• (nodebb)

    I understand that Javascript has all these quirks, but we still use it because it's what all browsers have.

    But i don't get it when people write code like this which actively relies on these weird rules. Why not write sane looking code?

  • (nodebb) in reply to Mr. TA

    I use TypeScript. Mostly...

  • (nodebb) in reply to Mr. TA

    I use TypeScript. Mostly...

  • Rob (unregistered)

    The coalescing operator doesn't return the original input if the calculation fails. It returns the original input if it's falsy (empty, null, undefined), otherwise it returns the result of the second part, even if it returns false. And if it the second part fails with an error, that error is thrown. So basically, the && is there to be safe against empty, null and undefined input.

  • Scragar (unregistered)

    There's a misunderstanding of how the && works, it actually evaluates the first(the passed in date), if that's not falsely it'll return the second(the years diff).

    Basically it just ensures that this returns falsey if there's an empty string/null/undefined passed in, and the number of years otherwise.

    Not the nicest way to do it, I much prefer a more explicit check at the top of the function, but it works and sometimes is handy for cleaning up code(think of it as a ternary that only needs the positive path defined).

    This is especially important because there's a falsely value that date can be that'll look like a successful return value(the number 0), much better to explicitly return null or similar to make the distinction clear to avoid bad behaviour propagating.

  • (nodebb)

    logically, && should return the first falsy value, eg if date is null it would return that right way. to get the last truthy value you would want ||

  • AzureDiamond (unregistered) in reply to Barbaz

    optional chaining does that. foo?.bar short circuits to undefined if foo is null or undefined.

  • erichamion (unregistered) in reply to Barbaz

    || would give the first truthy value, not the last. The && here looks like a null check on the argument value. If you pass a null, undefined, or otherwise falsey value as date, then the function just returns that falsey value back to you, rather than throwing an exception.

  • Ross Presser (unregistered)

    3e10 is 30 billion, not 3 billion.

  • Graculus (unregistered) in reply to Mr. TA

    No you still use Javascript because of Google.

    Javascript is appalling and should have been killed off by now. Thank God we didnt get LISP instead...

  • Mr. B (unregistered) in reply to Mr. TA

    Too many coders, not enough engineers.

    As one who's been on the job market for a little while now, it seems that these days the focus is very much on those who spend all their time a) grinding clever solutions to Leetcode problems and b) blasting out daily GitHub commits. Veteran engineers who actually take time to write good maintainable code based on solid fundamentals seem to be in much lower demand. Not that I'm bitter or anything :P

    On the plus side, this site will have plenty of content for years to come...

  • Nonymous (unregistered) in reply to Mr. B

    Or maybe this site will dry up if none of those coders recognize a WTF when they see it

  • (nodebb)

    The first function is assuming that 1 year is exactly 365.25 days. Which is mostly correct on average, but it'll start to have some odd off-by-errors if your date range is very close to an exact number of years.
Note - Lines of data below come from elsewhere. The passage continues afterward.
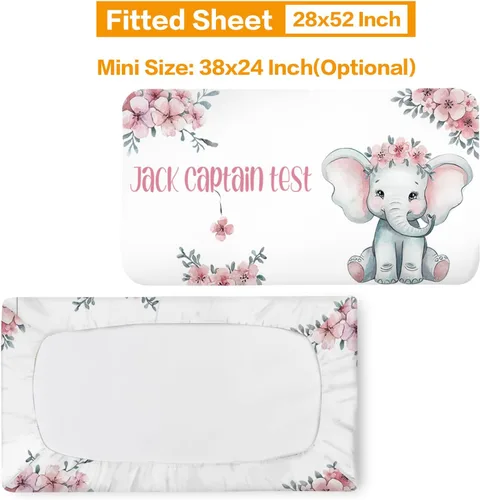 Vista 3 de Juego de ropa de cama de bebé personalizado, ropa de cama de elefante rosa para bebé, manta de bebé, sábana bajera ajustable, funda cambiadora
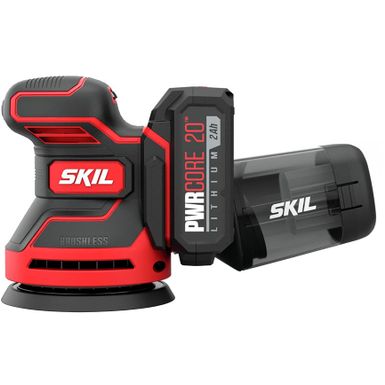 Skil - PWR CORE 20 Brushless 20V Random Orbital Sander Kit with PWR JUMP Charger - Black/Red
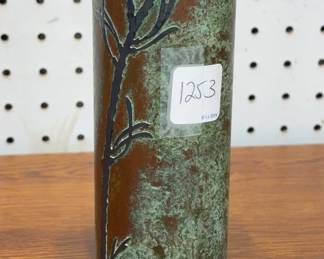 Sterling Silver on Bronze Vase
Then if you go past 1901 or 2099, it'll have even more of an error, but I bet the author doesn't expect this code to still be running in another 75 years.
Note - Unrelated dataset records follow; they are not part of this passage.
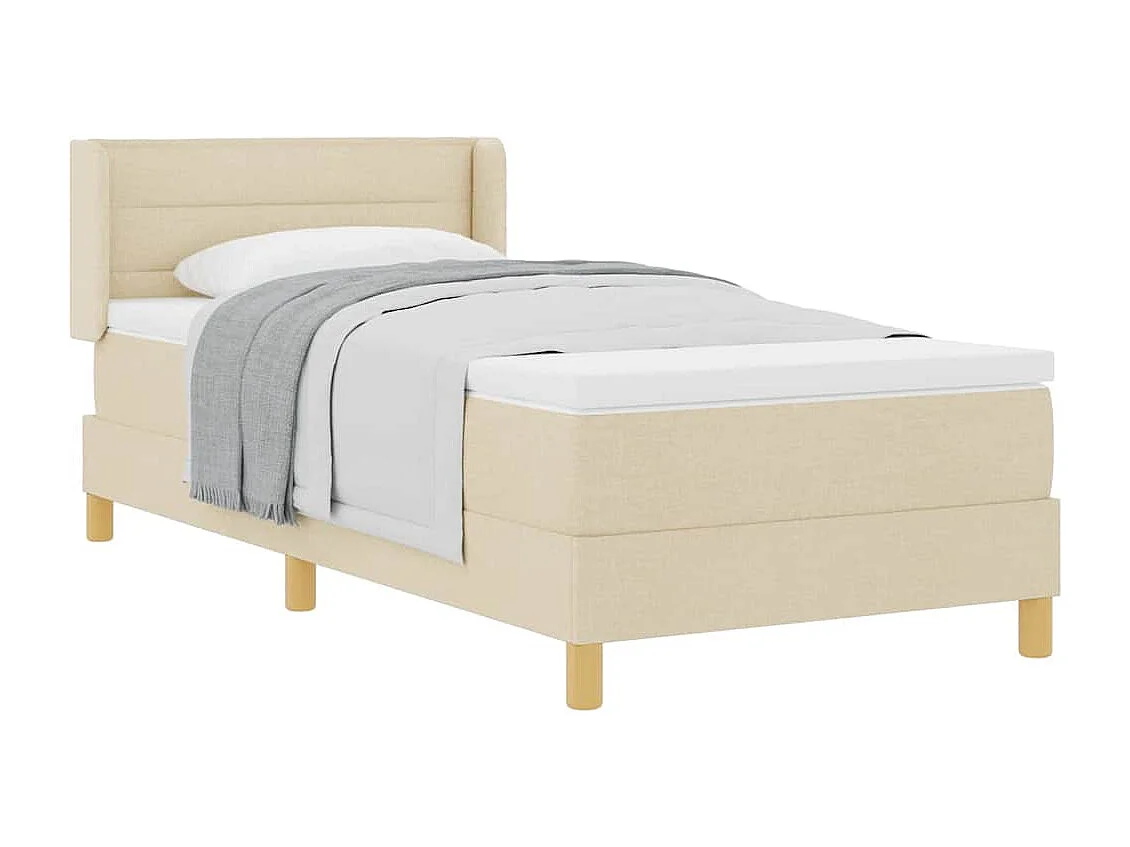 Cama com Estrado com colchão Creme 90 x 190 cm tecido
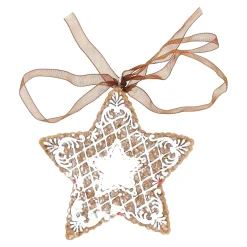 Kerstballen|Kerstdecoratie>Hanger ster gingerbread wit 8 cm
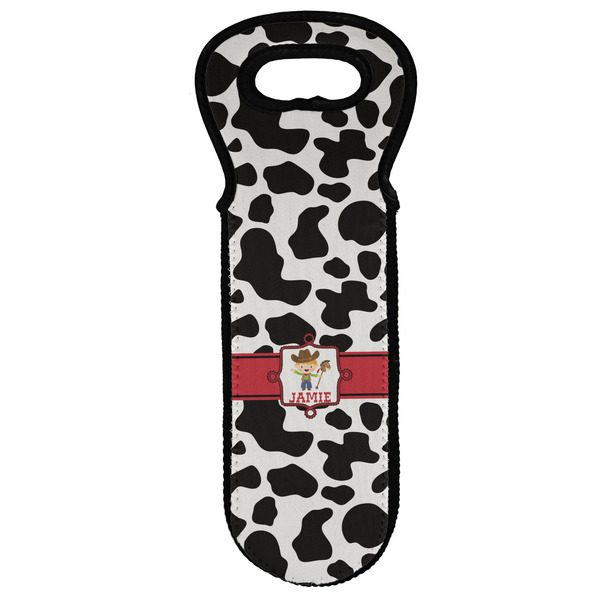 Custom Cowprint w/Cowboy Wine Tote Bag (Personalized)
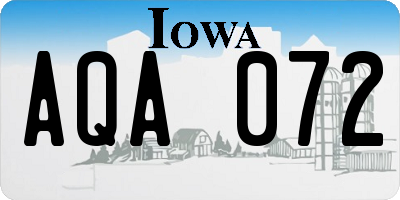 IA license plate AQA072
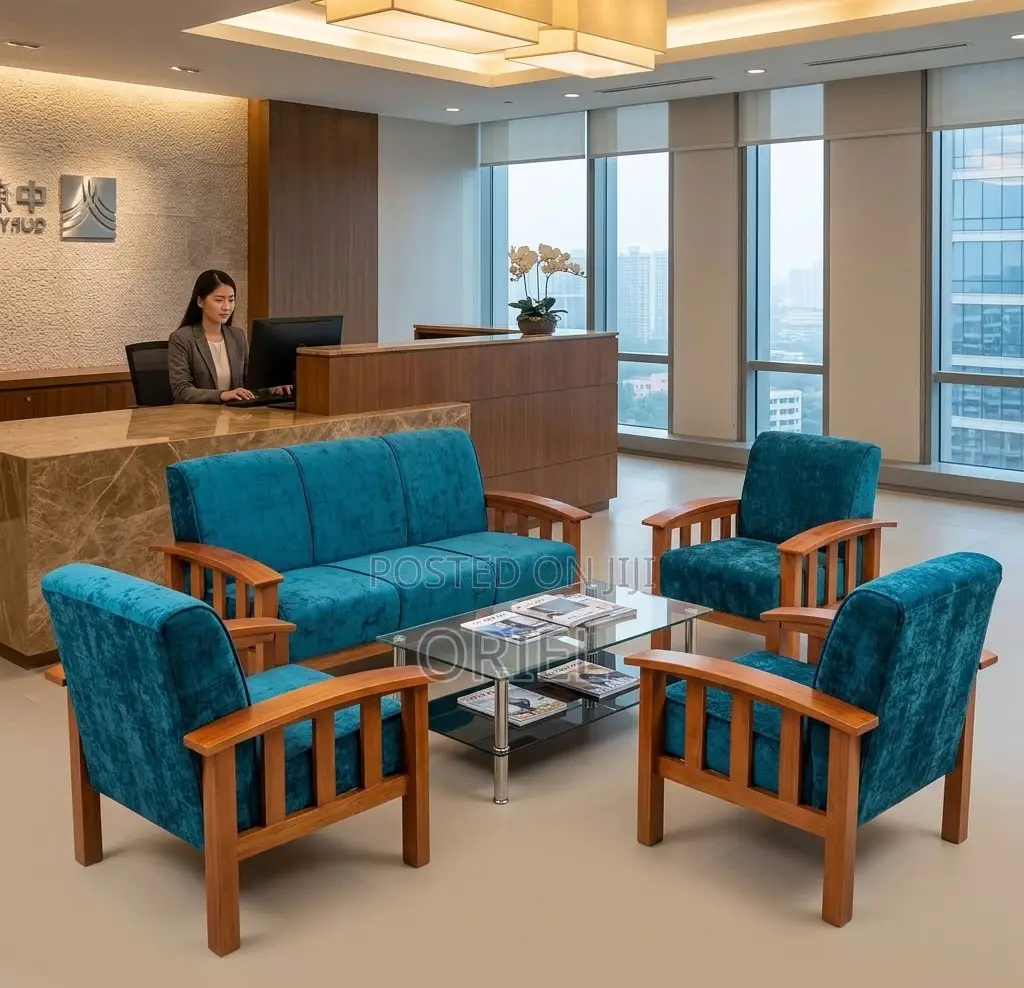 Office Sofa : Green Open Office Sofa - 5-Seater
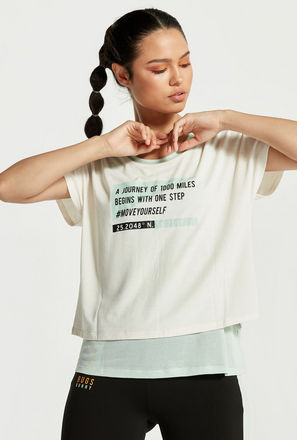 Typographic Print Layered T-shirt with Short Sleeves and Round Neck-mxwomen-clothing-activewear-tshirtsandvests-3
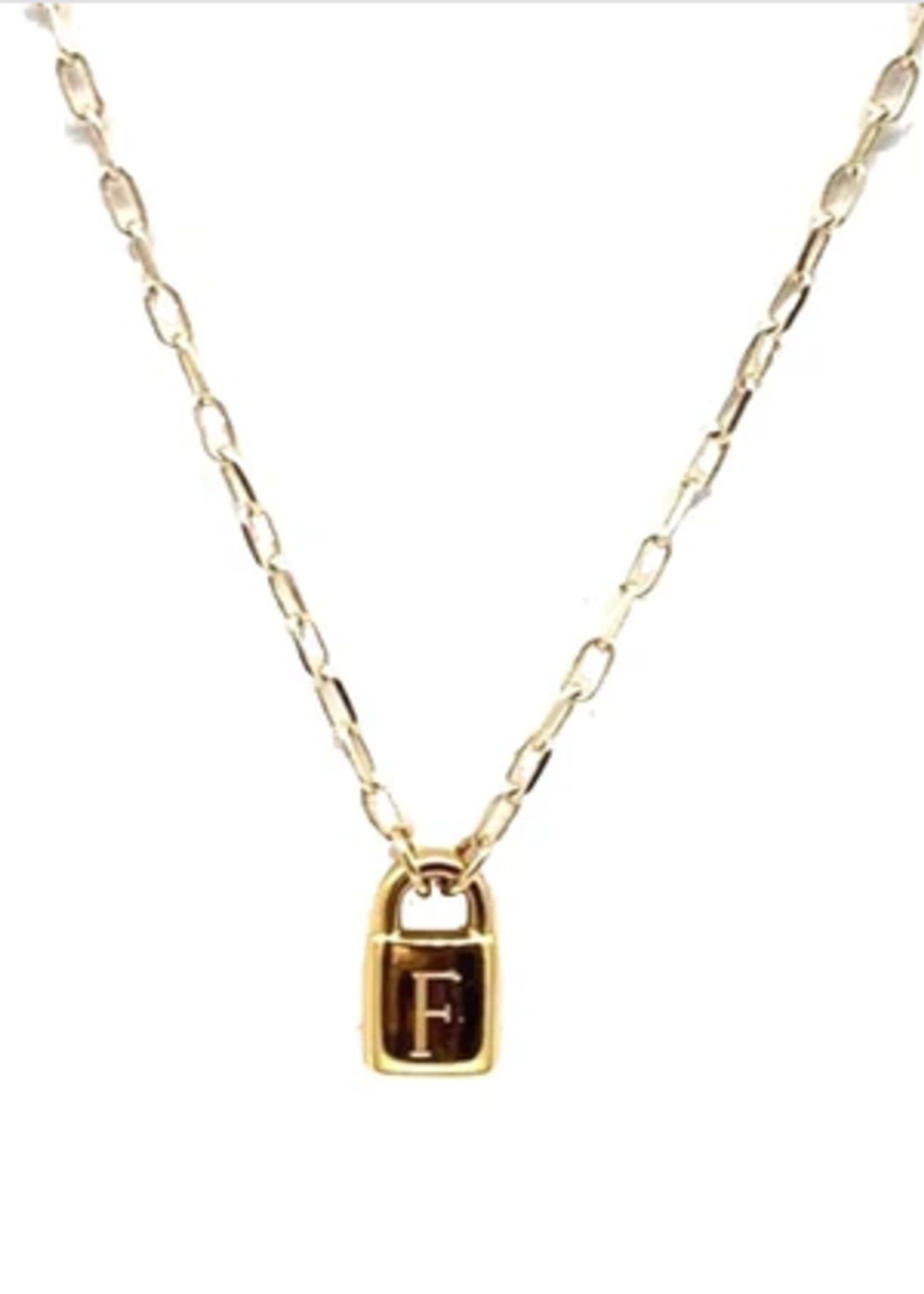 FARRAH B JEWELRY INITIALLOCK NECKLACE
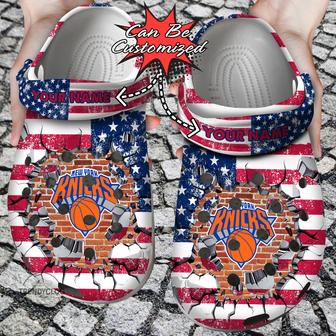 Basketball Personalized Ny Knicks American Flag Breaking Wall Clog Shoes - Monsterry UK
  • LZ79LRU (unregistered) in reply to Mr. B

    Amen to that. Any monkey can type code. It's as easy as laying bricks. The hard part is making sure the wall is strait, level, in the right place and that it won't fall over the moment someone leans on it. And for that you need us engineers.
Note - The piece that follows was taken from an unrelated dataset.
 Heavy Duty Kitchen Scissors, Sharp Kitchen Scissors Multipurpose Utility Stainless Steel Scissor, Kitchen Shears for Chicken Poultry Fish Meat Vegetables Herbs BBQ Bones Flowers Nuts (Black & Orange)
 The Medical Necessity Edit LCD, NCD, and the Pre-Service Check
  • Argle (unregistered) in reply to LZ79LRU
    Comment held for moderation.
  • (nodebb) in reply to AzureDiamond

    Optional chaining is a relatively recent JS feature. And it's only useful for accessing properties, not for skipping the entire rest of the expression.

    ES6 also has the null coalescing operator ??. The difference from && is that the latter stops at any falsey value (e.g. 0 or ""), while ?? only stops at null or undefined.

  • Denilson (unregistered)

    As much as we can complain about people not being careful enough when coding, or not knowing how to code...

    In this case the problem is the terrible Date primitive that JavaScript provides. It's so bad that countless date/time libraries have been created.

  • Lurk (unregistered) in reply to Denilson

    "In this case the problem is ... JavaScript " FTFY Lurk

  • OldCoder (unregistered) in reply to adamantoise

    It isn't about how long the code might run, it concerns the dates that might get used as input.

    Try working on Pensions systems for a while and you'll soon hit some of those edge cases. (She was born when?)